Stay Connected

THREE steps to stay safe on the Internet

November 04, 2009

The Internet has made it more convenient for people to shop, pay bills and communicate with each other. On the other hand, it has also made it easy for crooks to commit identity theft and fraud. Take

these three steps to protect yourself while online.

 

1. Play keep away with your personal information.

Be skeptical of any e-mail that appears to come from a broker, bank or other trusted company that asks you to “verify,” “confirm” or “update” your personal information. Never reply to such an e-mail by sharing personal information, such as your social security number, account numbers, credit card information or passwords. The Internet is rife with scam e-mails containing links to legitimate-looking sites especially created for identity theft. If you want to do a reality check on such incoming e-mails, don’t reply to the e-mail. Instead, correspond with the company yourself by looking up the phone number or e-mail address and question company representatives about the e-mail.

 

2. Remember that regular e-mail is not secure.

Never put anything in an Internet-based e-mail that you’re unwilling to share with the world.

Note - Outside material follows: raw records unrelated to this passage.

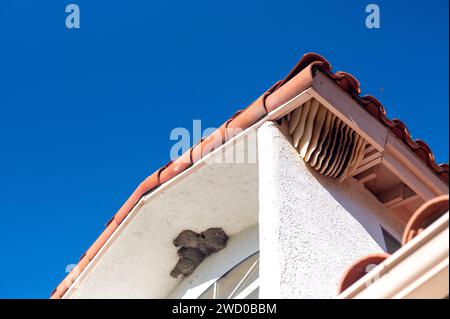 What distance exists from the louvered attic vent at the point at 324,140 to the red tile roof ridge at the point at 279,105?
175 millimetres

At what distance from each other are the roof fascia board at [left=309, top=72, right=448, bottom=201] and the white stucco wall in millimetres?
332

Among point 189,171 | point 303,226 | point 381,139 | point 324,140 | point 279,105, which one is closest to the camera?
point 303,226

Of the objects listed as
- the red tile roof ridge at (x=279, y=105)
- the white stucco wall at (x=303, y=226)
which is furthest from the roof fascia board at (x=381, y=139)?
the white stucco wall at (x=303, y=226)

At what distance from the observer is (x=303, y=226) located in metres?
3.84

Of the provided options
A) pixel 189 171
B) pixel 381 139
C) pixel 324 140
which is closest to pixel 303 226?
pixel 324 140

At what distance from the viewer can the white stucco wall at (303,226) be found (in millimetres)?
3521

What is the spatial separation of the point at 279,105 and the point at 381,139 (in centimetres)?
76

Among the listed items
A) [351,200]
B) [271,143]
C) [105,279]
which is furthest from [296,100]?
[105,279]

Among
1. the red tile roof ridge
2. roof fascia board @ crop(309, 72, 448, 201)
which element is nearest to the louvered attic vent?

Any information contained in your message can be hijacked and forwarded. This pertains to e-mails with personal information to Alliant, as well. If you want to e-mail confidential information to Alliant support staff, you’ll need to use our Secure e-mail online platform accessible through Alliant’s Online Banking. These

e-mails do not travel over the Internet. Instead, these e-mails are 100% secured – they are transmitted between our internal servers to our internal Online Banking (SkyBranch) mailbox. To send a Secure e-mail, go to www.alliantcreditunion.org and first log in to Alliant Online Banking with your member account number and access code. Then, click “secure e-mail” on the left-hand navigation menu. You can proceed with safety to e-mail account-specific information to us. If you send an unsecured e-mail to us, one that is not sent through our Online Banking system, we can’t be confident that you initiated the e-mail and, to maintain the integrity of the personal and confidential information entrusted to us by members, we will only answer general, but not account specific questions.

 

3. Don’t open attachments from unknown sources.

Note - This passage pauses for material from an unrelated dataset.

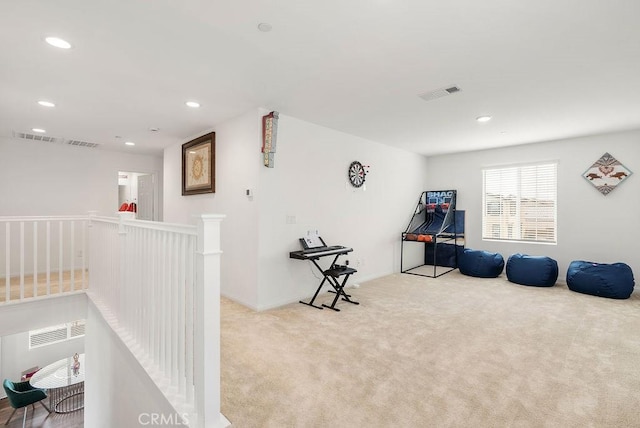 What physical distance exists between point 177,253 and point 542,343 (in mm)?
3259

These e-mails may contain sinister viruses or worms specifically designed to cause havoc to your computer. But then, e-mail attachments from trusted sources and friends can also inadvertently contain viruses. Be sure to have a reliable and updated virus checker installed to scan all attachments before you open them. A couple of other precautions: Change your password often, using numbers, letters and characters. And always log out when you’re finished using your computer. Plus, if you’re using a public terminal, be sure to clear your history and cookies, and then exit the browser you’re using.